Ik heb sterk de indruk dat ook de projecten die in onze gemeente gedaan worden, niet specifiek genoeg gericht zijn op ‘nu-nog-niet-sportende Hogelandsters’. Mogelijk komt dat omdat we niet weten wie wel of niet sport. Maar dat is toch vreemd? Uit onderzoek is al jaren bekend dat mensen met een lagere opleiding navenant minder vaak aan sport deelnemen dan mensen met een middelbare en hogere opleiding. Ik zou om die reden sportstimuleringsprojecten niet uitrollen over de hele gemeente, maar juist de aandacht willen richten op bepaalde delen van onze gemeente. Criteria voor die selectie zouden kunnen zijn, het percentage bijstandsgerechtigden, schoolresultaten en jeugdproblematiek. Een dergelijke keuze maakt het mogelijk om juist daar waar het nodig is je beleid te intensiveren.

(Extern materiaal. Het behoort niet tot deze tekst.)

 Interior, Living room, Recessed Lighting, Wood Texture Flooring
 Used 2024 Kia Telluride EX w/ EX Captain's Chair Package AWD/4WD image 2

Om een aantal redenen, die ik hiervoor in mijn persoonlijke ervaringen heb beschreven, zou ik de stimuleringsprojecten verder heel specifiek willen richten op kinderen in het basisonderwijs. Niet alleen vanwege het uitgangspunt ‘jong geleerd, is oud gedaan’, maar ook omdat ik geloof in de kracht en de mogelijkheden van een betrokken leraar, die aandacht heeft voor zijn leerlingen, weet wat hen bezig houdt en hen en hun ouders uitdaagt en stimuleert om mee te doen aan sportieve activiteiten en naar de club te gaan. Het zou wenselijk zijn om samen met de schoolbesturen vakdocenten sport en bewegen aan te stellen. Geen docenten die volgeplempt worden met lesuren, maar docenten die naast hun lessen tijd krijgen om samen met verenigingen en andere sportaanbieders buitenschoolse activiteiten te organiseren en aan te bieden en met kinderen en desnoods hun ouders over hun deelname of niet-deelname in gesprek gaan. Maar ook in staat zijn om de weg te wijzen naar Stichting Leergeld voor mogelijke ondersteuning door het Jeugdsportfonds en contacten onderhouden met de sociale teams. Ik realiseer me dat ik geen traditionele gymleraar wil, maar een docent die sociaal en maatschappelijk bewogen is. Hoewel het om een leraar blijft gaan, zou je kunnen zeggen ‘een maatschappelijk werker in trainingspak’.

Even terug naar het begin van mijn column, waarin ik schreef over Real Madrid-Ajax en de euforische stemming die ontstaat op het moment dat ‘we’ het zo goed doen. Ja, ‘we’ hebben het heel goed gedaan, maar als we verwachten dat daardoor meer kinderen gaan voetballen, dan hebben we het mis. Topsport stimuleert niet tot meedoen. In de aanloop naar die geweldige wedstrijd van Ajax in Madrid werd een oud interview van Cruijff vertoond, waarin hij één van zijn vele prachtig uitspraken deed. Ik citeer hem vrijelijk: ‘ik heb een zak geld nog nooit een doelpunt zien maken’. Dat geldt ook voor sportstimulering : ‘ik heb een zak geld (lees topsport) nog nooit zien scoren (lees kinderen gestimuleerd tot sporten)’. Geloof me, het Ajax-effect bestaat niet.